Growing Leaders - Part 1

It's been a very busy week so I haven't had much time to read. The middle of the week was spent at the Living Leadership conference, 'Formation', which was excellent - watch this space for some reflections!

For now though, here is a brief overview and some thoughts on Part 1 of the book 'Growing Leaders', by James Lawrence.

Part 1, 'Leadership Today' was answering two questions; what is Christian leadership and what are the challenges faced by leaders today?

Chapter 1, 'What is Christian Leadership', started by addressing the issue of what a leader actually is. It was a useful exercise, particularly for me to think about. We all have ideas of what a leader is - whether that's the alpha male who is strong, does 100 things a day, never sleeps, is incredibly confident and talented (and a little bit annoying), or if it's the tired, ineffectual, out of touch person (who we want to replace with an alpha male visionary!).

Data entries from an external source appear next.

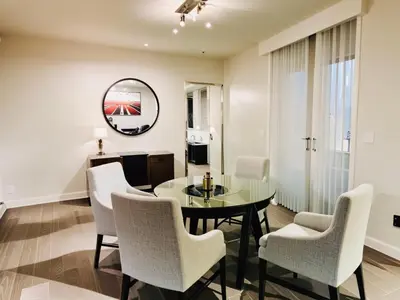 a dining room with a table and chairs and a mirror at Stylish Venice Escape Near the Marina & Beachfront in Los Angeles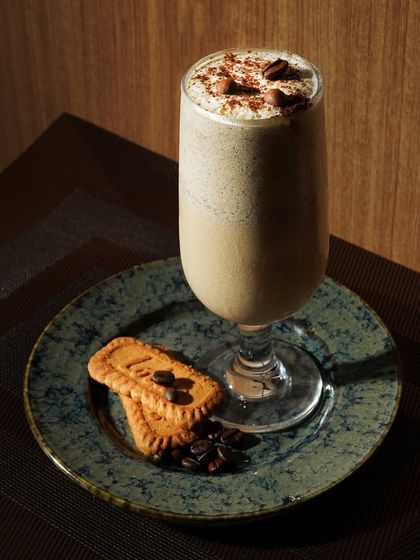 A tall glass of a coffee milkshake, styled with cookies and coffee beans. The dark, woody background gives it a cozy, cafe-like atmosphere.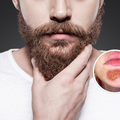 Close up of a man touching his brown beard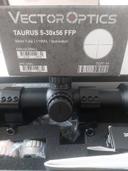 Review of the Taurus 5-30x56 FFP Optic from Vector Optics

The Taurus 5-30x56 FFP (First Focal Plane) from Vector Optics is a high-performance riflescope designed for precision shooting at long ranges. With its robust features and quality build, this optic is aimed at both serious enthusiasts and competitive shooters looking to enhance their shooting experience. Here’s a detailed overview of its performance, features, and overall value.

Build Quality and Design Taurus 5-30x56 FFP

One of the first things that stands out about the Taurus 5-30x56 is its solid construction. The scope is built from aircraft-grade aluminum, making it both lightweight and incredibly durable. The matte black finish is not only aesthetically pleasing but also provides a non-reflective surface that minimizes glare.

The scope is designed to be water, fog, and shock-proof, ensuring that it can withstand harsh environmental conditions. This durability is essential for outdoor shooting, whether in wet or tough terrains.

Magnification and Optics Taurus 5-30x56 FFP

The 5-30x magnification range is highly versatile, allowing shooters to engage targets at various distances with ease. The large 56mm objective lens gathers plenty of light, which is especially beneficial for low-light shooting scenarios. The clarity and brightness of the image through the scope are impressive, with minimal distortion or color shift at higher magnifications.

The first focal plane reticle is a significant advantage, as it allows for accurate holdovers and windage adjustments at any magnification level. This is particularly useful for long-range shooting, where precision is critical.

Reticle Options Taurus 5-30x56 FFP

Vector Optics offers a range of reticle options for the Taurus 5-30x56, catering to different shooting preferences. The reticles are well-defined and easy to read, with illumination options that enhance visibility in dim conditions. Adjusting the illumination is straightforward, allowing for quick adaptations during changing light situations.

Turret Adjustments Taurus 5-30x56 FFP

The turret adjustments are tactile and provide positive clicks, which is crucial for making precise elevation and windage corrections. The adjustments hold zero well, and the return to zero feature allows for quick re-zeroing if needed.

Performance in Real Use Taurus 5-30x56 FFP

During testing, the Taurus 5-30x56 performed admirably. The scope maintained a clear point of view even at the maximum magnification, and shooting groups at extended ranges showed consistent accuracy. The eye relief is comfortable, allowing for quick target acquisition and reducing the chances of the dreaded ‘scope bite.’

Value for Money Taurus 5-30x56 FFP

In terms of pricing, the Taurus 5-30x56 is competitively positioned within the high-end riflescope market. Given its features and performance, it represents good value for those who prioritize quality optics without breaking the bank.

I guess I sometimes compare myself to other leaders in the church, or even other apprentices, and I see people that are very different to me. It leads me often to wish that I was more like them - more confident etc. I think it's helpful to think however that being able to lead isn't restricted to one personality type - it is simply that you might lead in different ways and in different contexts, depending on what your personality is.

Lawrence helpfully pointed out that a leader is much broader than the alpha male stereotype. He started by defining leadership - anyone who influences someone else is actually a leader. But leadership is, in the end, something that you either can or can't do - a talent - rather than something that you can learn. (Though you can get better at it, and he does go on later to say that it is a gift given by God.

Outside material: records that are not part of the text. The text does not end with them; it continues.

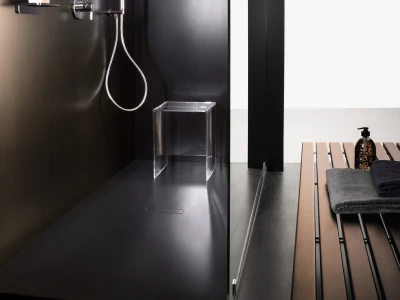 Modern black shower area with a round rain head and handheld shower, chrome fixtures, a clear acrylic stool, and a wooden slatted bench with towels.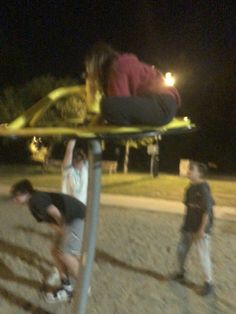 three people are playing with a frisbee in the park at night time,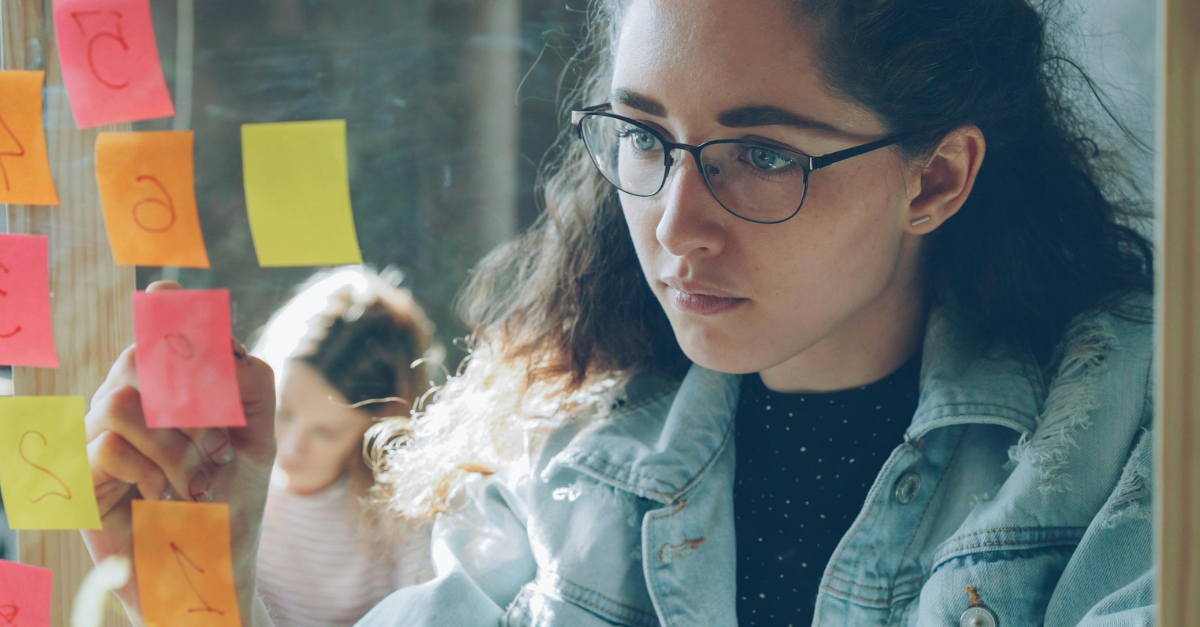 A woman wearing glasses and a denim jacket studies colorful sticky notes on a glass wall, appearing focused. Another person is blurred in the background.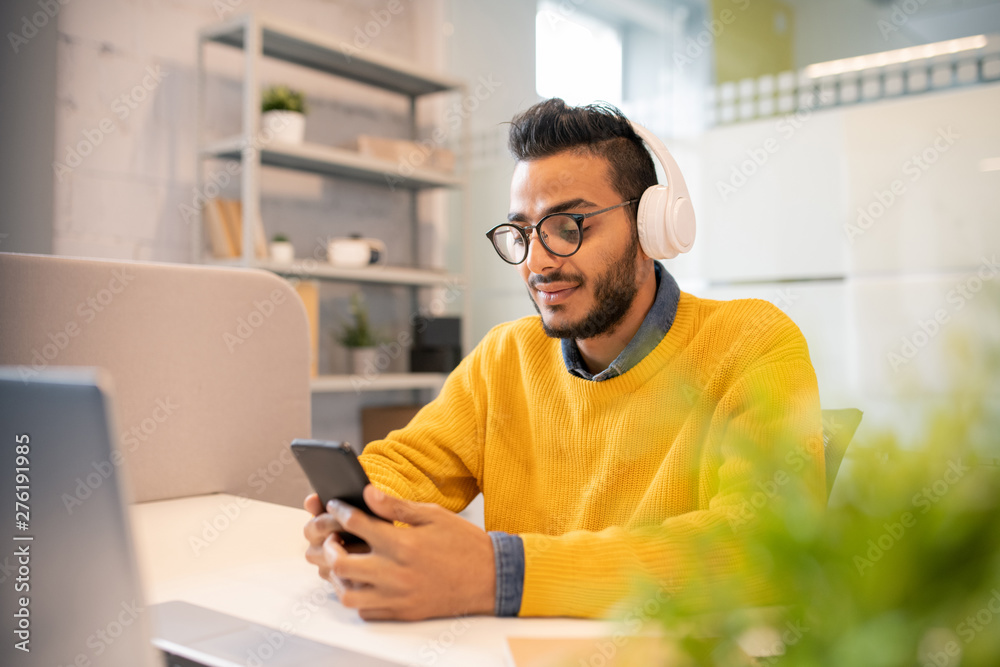 Bearded manager using smartphone in office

So you find leaders at whole different levels - leading a small team or group, overseeing other teams or small groups or overall leaders who oversee all the leaders beneath them. The key is to place people in leadership positions at a level that is aligned with their talents, to enable them to lead effectively. Someone gifted at coordinating different housegroup leaders won't necessarily be good at leading a church, or leading a housegroup themselves.

So if that's what a leader is, what is distinctive about Christian leadership? What should shape the way that a Christian exercises leadership?

1. Christian leadership is founded in relationship with God as trinity.

2. Christian leadership is rooted in the Bible and directed by the Spirit.

The Bible and the Spirit help us as leaders to see our part in God's bigger story, the salvation history of the world, the kingdom of God. This perspective prevents us from getting stuck in our own limited context. It reminds us of the wider world Church, and assures us that, no matter what we face, God is working his purposes out. The temptation to become cynical or disillusioned is countered by a healthy understanding of the bigger story of what God is doing, whose focus is on his kingdom. This will shape how we lead the local church, as an outpost of God's kingdom. If leaders focus anywhere else, they end up following something or someone other than Christ, and they end up serving an agenda other than the kingdom of God's agenda. Christian leaders are kingdom seekers, not empire builders.

3. Christian leadership is marked by servanthood.

(There was a really helpful thought in this section - i'll save it for another post!)

4. Christian leadership is shaped by the cross and resurrection.

5. Christian leadership is sustained by prayer.

6. Christian leadership is lived out personally as part of the community of the church.

Ministry at a distance, be it physical or relational, is simply not an option for Christian leadership. Jesus became one of us; we are called to do the costly work of integrating our lives with the people we lead. It is possible to be physically present but relationally absent... The constant knocks and carping criticism, the betrayed trust, broken promises and failed dreams, the draining pastoral situations, the shredding gossip, all become bricks in the wall of defence that gradually builds over the years. Eventually the Christian leader becomes insulated from further damage, but also isolated from others.

All of this is to be done in the context of grace. Even with all the struggles and failures to do it properly, God still wants to use people like us!

That was longer than anticipated - I've less to say on the second part of part one, and i'll do that in another post!